The airline hopes to average one new 787 delivery per month across the remainder of this year.
“The network builds out on every additional aircraft that arrives,” Douglas said. “Every time we get another plane, we’ll just increase the number of those cities.”
2027 will see “a drum-beat of deliveries” ramping up to two each month, Douglas says, “and by the time we get into 2028, we’re into some months of three deliveries a month.”
Douglas intends to leverage that steady flow of jets by adding an average of two destinations every month.

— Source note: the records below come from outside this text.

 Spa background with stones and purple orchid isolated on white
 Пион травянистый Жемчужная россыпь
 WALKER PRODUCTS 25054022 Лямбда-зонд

“Within the first five years you’ll then see pretty much every capital city within Europe, all the big capital cities within the Far East, most of the big capital cities within Central Asia, obviously within our own region of the Gulf, the Indian subcontinent for very obvious reasons as well, and the eastern seaboard of North America.”
Singapore is also expected to join Riyadh Air’s Asian footprint as part of the network’s second or third wave, although in the early stages Riyadh Air will be able to rely on partner Singapore Airlines, which is slated to launch Singapore–Riyadh flights later this year.